# Too much prem



## Budstl (Apr 19, 2017)

Is there a thing as long as you are following the max rate per app/per year using dimension and prodiamine? For instance, hi yield dimension granules i belive says no more than 9lbs/m per app and no more than 27lbs/ per year. So lets say hypothetically you put down the hi yield march, may, july, and finish with prodiamine sept or oct. Then the following year you begin with prodiamine as to not go over the yearly rate of dimension. Other than cost is there damage to the turf or environment?


----------



## gene_stl (Oct 29, 2017)

Well keep in mind they are both root pruners. If you max out one and use a quantity of the other I would expect some damage to the desirable turf species. You ought to have a whistle clean lawn though. Maybe too clean.


----------



## Turfguy93 (Aug 30, 2017)

You should only apply pre-m 2 maybe 3 times a year If you do a split app in the spring. Or else your roots will take a beating. I prefer not to apply pre-m if the turf is thick and healthy and doesn't have any serious weed issues


----------



## craigdt (Apr 21, 2018)

gene_stl said:


> You can "safen" it by adding some triclopyr.


Say what now?

I have some Triclopyr that needs using....

Can you elaborate a bit for us?


----------



## gene_stl (Oct 29, 2017)

Safening


----------



## j4c11 (Apr 30, 2017)

I don't think you can extrapolate a safening effect for triclopyr from fluazifop to prodiamine or other pre-emergents, they are totally different herbicides.


----------



## gene_stl (Oct 29, 2017)

Good point.


----------



## craigdt (Apr 21, 2018)

gene_stl said:


> Good point.


No! You edited your post, removing what I think was a hidden gem.
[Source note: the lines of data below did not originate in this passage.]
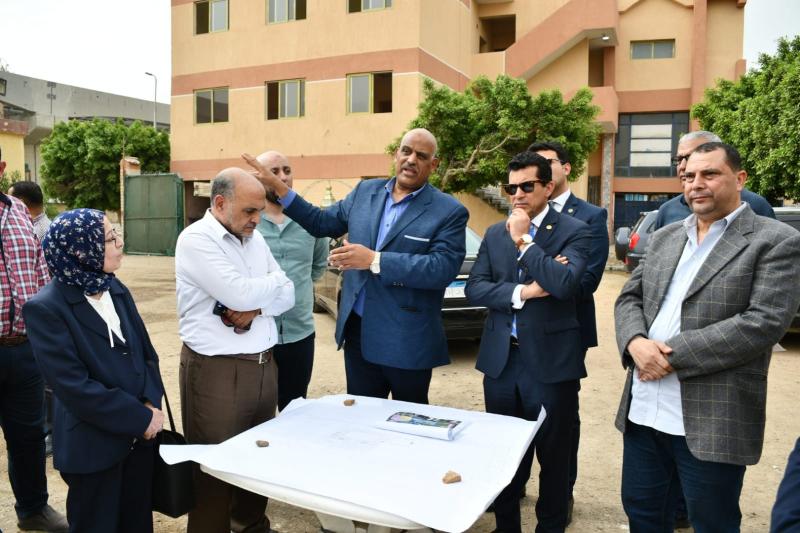وزير الشباب والرياضة يتفقد اعمال تطوير مركز شباب مدينة نصر 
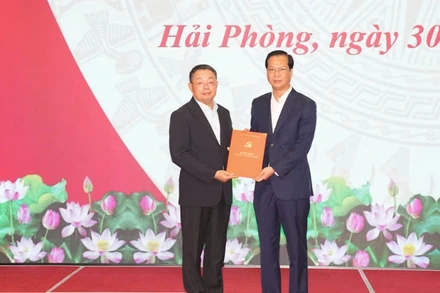 Đồng chí Hoàng Văn Trà, Phó Chủ nhiệm Ủy ban Kiểm tra Trung ương trao Quyết định cho đồng chí Nguyễn Anh Tuấn.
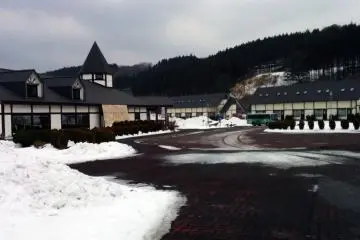 <p>An overview shot of the area. The front check-in is on the right, the restaurant the left, and the far center a conference&nbsp;room.&nbsp;</p>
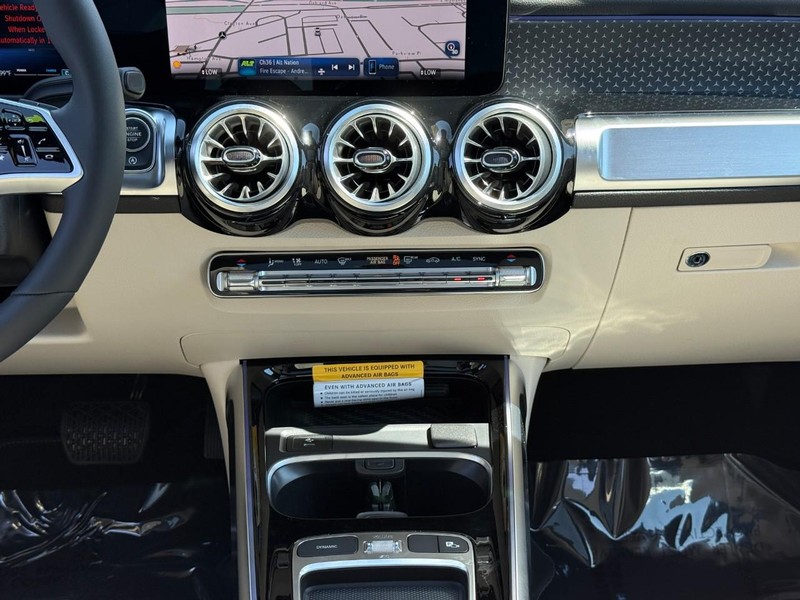 Mercedes-Benz GLB Vehicle Full-screen Gallery Image 12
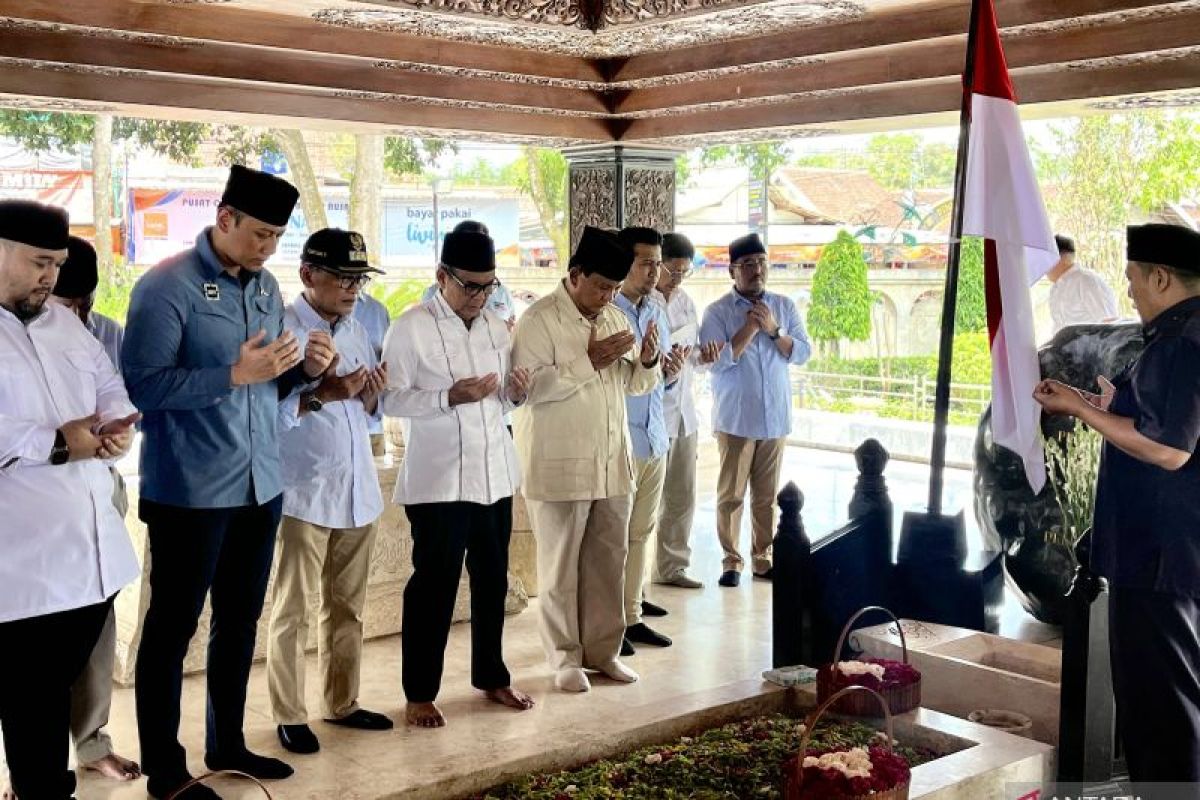 Prabowo, AHY, dan Didi Mahardika ziarah ke Makam Bung Karno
Can you teach me a little bit about how 1 product can safen another?


----------



## gene_stl (Oct 29, 2017)

I edited my post because I posted something incorrect. I will repost it for your benefit because it does have uses but I got my wires crossed a little and posted before I thought hard enough.  
If you google the word safen or safening you will find a bunch of ag articles with combos of chemicals we have never heard of. Except Acclaim and Fusilade which are the main example along with Pylex and Tenacity. All different herbicide groups. Triclopyr is present in T Zone herbicides along with sulfentrazone so that is probably also a good mix. I wouldn't know whether it causes safening there or not.



> Safening
> Although synergism is rare when tank-mixing turf herbicides,
> another positive affect that can occur when tank-mixing
> herbicides is safening. Safening occurs when two herbicides
> ...


Quoted from 2018 _Turfgrass Weed Control for Professionals_
Copyright Purdue University , all rights reserved.


----------



## craigdt (Apr 21, 2018)

gene_stl said:


> I edited my post because I posted something incorrect.  I will repost it for your benefit because it does have uses but I got my wires crossed a little and posted before I thought hard enough.
> 
> 
> 
> ...


Thank you very much for adding this.

I've been wanting to try mesotrione but concerned about the whitening.

Edit-
I see you quoted the $12 e-version of the Purdue publication.
Do you think its worth it? Considering getting a copy of it.


----------



## Greendoc (Mar 24, 2018)

On tolerant grasses, the bleaching effect of Mesotrione(Tenacity is minimal. However, 7 days after application, susceptible weeds turn very white. Adding Triclopyr and/or Quinclorac reduces this effect. So does adding Sulfentrazone or Carfentrazone. For me, weeds turning white is an indicator of how widespread a weed problem is in a lawn.


----------



## gene_stl (Oct 29, 2017)

I like the way Tenacity lights stuff up for just the above reason. Lets you know how much work you have yet to do. :shock: 
I think that book is very good and definitely worth the $12.


----------



## Greendoc (Mar 24, 2018)

So do I. That indicates where Soul Stealer needs to be used or else if more intensive selective weed control needs to be done.


----------



## gene_stl (Oct 29, 2017)

Soul Stealer = Glyphosate? :lol:


----------



## Greendoc (Mar 24, 2018)

Soul Stealer = Glyphosate+Fluzafop+Triclopyr+Mesotrione. 
@social port came up with the name for what I use when nothing must survive.


----------



## gene_stl (Oct 29, 2017)

Yeah I just used the search function and found it. I have hardly started on the bermuda grass. But I have made a very large dent in the dallis. I think it will move to the neighbors just because life will be easier there.


----------